Concept

Data sourcing & validation

cross

Overview

Data sourcing and validation is the build-time discipline of giving every number in a model a recorded origin and a validation state — finding a value, noting where it came from and on what basis, rating it against the source hierarchy, and flagging it as unconfirmed until a stronger source or an expert checks it. It is the practice that produces provenance during the build, before any outside reader ever asks.

Body

The loop, per input. Each number passes through four moves: source it (find a value and record its origin and basis), rate it against the source hierarchy and the accuracy class it implies, flag it as unvalidated when it rests on a weak or assumed source, and clear the flag when a better source or an expert confirms it. The running list of open flags is a validation queue — the model’s own record of what it has not yet confirmed.

Sourcing records origin and basis. A value without its basis — the cost year, the scale, the system boundary it was measured on — is only half-sourced: it is attributed but not transferable to the case being modeled. The record has to carry both, or the figure cannot be safely reused.

Validation is distinct from sourcing. Sourcing records where a number came from; validation confirms it is adequate against a stronger or independent source. The two come apart: a number can be fully sourced (traceable) yet unvalidated (its source not yet judged good enough), and that gap is exactly what the flag marks.

The flag is information, not an embarrassment. Marking a figure unvalidated states plainly that the result currently leans on an unconfirmed input, and it localizes where confirmation effort would actually change how much the answer can be trusted. An unflagged model is not more finished — it has merely hidden which of its numbers are still guesses.

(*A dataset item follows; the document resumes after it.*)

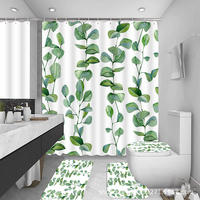DUSCHVORHANG Pflanze Digitaldruck 180 x 180 cm wasserdicht schimmelresistent - Multicolor, Textil (180/180cm) - MCBOSON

The state of the result tracks the state of its drivers. Because the answer rides on a few drivers, the validation state of those inputs sets the validation state of the conclusion; a fully-sourced model with one unvalidated driver has an unvalidated result.

Limits & typical error

Sourcing is not validation. Recording an origin does not confirm the value; a fully-attributed number can still be an unchecked guess. Attribution makes an error findable, not absent.
Sourcing the value but not the condition leaves it non-transferable. A credit rate captured without its eligibility rules, or a cost without its cost-year and scale, is attributed and still cannot be carried to the modeled case — the basis is part of what must be sourced.
An unflagged assumption masquerades as data. Failing to mark a stated anchor as an assumption lets a modeling choice read as a sourced measurement, overstating how grounded the model is.
Volume of sourcing is not coverage. Sourcing many minor inputs while a driver stays unvalidated leaves the result undefended; coverage is measured on the load-bearing few, not the count of citations.
The flag and the text drift apart. Clearing a value in the model but leaving its flag set — or the reverse — desyncs the recorded validation state from the real one, so the queue stops describing the model.
“Confirmation” against a circular or same-tier source is not validation. Checking a number against a source that traces back to the model’s own estimate, or against another value at the same weak tier, produces the appearance of validation without the substance.

Mini-example

Building the green-ammonia model, three load-bearing inputs get different treatment. The electricity intensity (~~10 MWh/t NH₃) is sourced to electrolyzer datasheets and rated a strong tier — close to validated. The electricity price (~~$40/MWh) is recorded as a stated market anchor and flagged unvalidated, pending a real market or PPA source to confirm the level and its range. The total capex (~$1.0bn) is flagged pending a vendor quote. Read together, the open flags say the ~$800/t headline currently rests on the price and the capex anchors — pointing confirmation effort exactly where it would change the result’s trust, rather than at the already-solid intensity.

Separately, to show sourcing without validation: marking the ~$540/t clean-hydrogen credit “sourced” to the policy’s headline rate, while leaving its eligibility conditions (the carbon-intensity tier, hourly-matched clean power) unflagged, records the value but not the condition the plant must meet — a number that is sourced yet not validated for whether it can actually be earned.